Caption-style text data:
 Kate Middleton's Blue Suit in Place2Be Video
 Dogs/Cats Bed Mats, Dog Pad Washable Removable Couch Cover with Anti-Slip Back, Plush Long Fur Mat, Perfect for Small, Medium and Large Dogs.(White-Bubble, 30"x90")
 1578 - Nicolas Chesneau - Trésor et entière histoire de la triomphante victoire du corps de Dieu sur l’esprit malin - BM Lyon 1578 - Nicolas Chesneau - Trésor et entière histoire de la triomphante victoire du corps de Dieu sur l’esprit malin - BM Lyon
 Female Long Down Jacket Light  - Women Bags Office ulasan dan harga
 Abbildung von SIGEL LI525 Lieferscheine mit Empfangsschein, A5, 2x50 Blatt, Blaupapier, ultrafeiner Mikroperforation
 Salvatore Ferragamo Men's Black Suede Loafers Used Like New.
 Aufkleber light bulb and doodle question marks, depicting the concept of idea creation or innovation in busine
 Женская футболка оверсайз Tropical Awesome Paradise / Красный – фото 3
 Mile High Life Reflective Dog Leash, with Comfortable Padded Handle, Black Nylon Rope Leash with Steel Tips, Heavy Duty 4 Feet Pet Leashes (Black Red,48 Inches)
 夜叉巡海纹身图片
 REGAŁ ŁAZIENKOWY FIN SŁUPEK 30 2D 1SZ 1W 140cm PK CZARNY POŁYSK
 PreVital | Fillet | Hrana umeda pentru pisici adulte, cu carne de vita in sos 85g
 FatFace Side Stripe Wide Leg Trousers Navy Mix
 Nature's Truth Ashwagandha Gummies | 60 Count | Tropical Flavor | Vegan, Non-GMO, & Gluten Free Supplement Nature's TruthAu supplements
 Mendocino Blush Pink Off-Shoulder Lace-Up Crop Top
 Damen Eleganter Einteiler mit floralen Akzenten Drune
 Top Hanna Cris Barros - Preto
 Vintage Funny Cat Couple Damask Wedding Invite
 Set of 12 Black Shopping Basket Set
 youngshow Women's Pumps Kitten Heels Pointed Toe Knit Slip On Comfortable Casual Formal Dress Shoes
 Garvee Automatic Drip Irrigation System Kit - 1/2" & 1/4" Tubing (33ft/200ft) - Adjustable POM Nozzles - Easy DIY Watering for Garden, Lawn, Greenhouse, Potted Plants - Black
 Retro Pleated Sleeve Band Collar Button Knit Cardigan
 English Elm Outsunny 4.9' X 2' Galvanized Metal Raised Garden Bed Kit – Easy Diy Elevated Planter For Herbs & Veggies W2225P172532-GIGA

◆ Task prompt:
Restate, word for word and with nothing added, the lines from the beginning of the records above through the line that contains "FatFace Side Stripe".

◆ Written response:
 Kate Middleton's Blue Suit in Place2Be Video
 Dogs/Cats Bed Mats, Dog Pad Washable Removable Couch Cover with Anti-Slip Back, Plush Long Fur Mat, Perfect for Small, Medium and Large Dogs.(White-Bubble, 30"x90")
 1578 - Nicolas Chesneau - Trésor et entière histoire de la triomphante victoire du corps de Dieu sur l’esprit malin - BM Lyon 1578 - Nicolas Chesneau - Trésor et entière histoire de la triomphante victoire du corps de Dieu sur l’esprit malin - BM Lyon
 Female Long Down Jacket Light  - Women Bags Office ulasan dan harga
 Abbildung von SIGEL LI525 Lieferscheine mit Empfangsschein, A5, 2x50 Blatt, Blaupapier, ultrafeiner Mikroperforation
 Salvatore Ferragamo Men's Black Suede Loafers Used Like New.
 Aufkleber light bulb and doodle question marks, depicting the concept of idea creation or innovation in busine
 Женская футболка оверсайз Tropical Awesome Paradise / Красный – фото 3
 Mile High Life Reflective Dog Leash, with Comfortable Padded Handle, Black Nylon Rope Leash with Steel Tips, Heavy Duty 4 Feet Pet Leashes (Black Red,48 Inches)
 夜叉巡海纹身图片
 REGAŁ ŁAZIENKOWY FIN SŁUPEK 30 2D 1SZ 1W 140cm PK CZARNY POŁYSK
 PreVital | Fillet | Hrana umeda pentru pisici adulte, cu carne de vita in sos 85g
 FatFace Side Stripe Wide Leg Trousers Navy Mix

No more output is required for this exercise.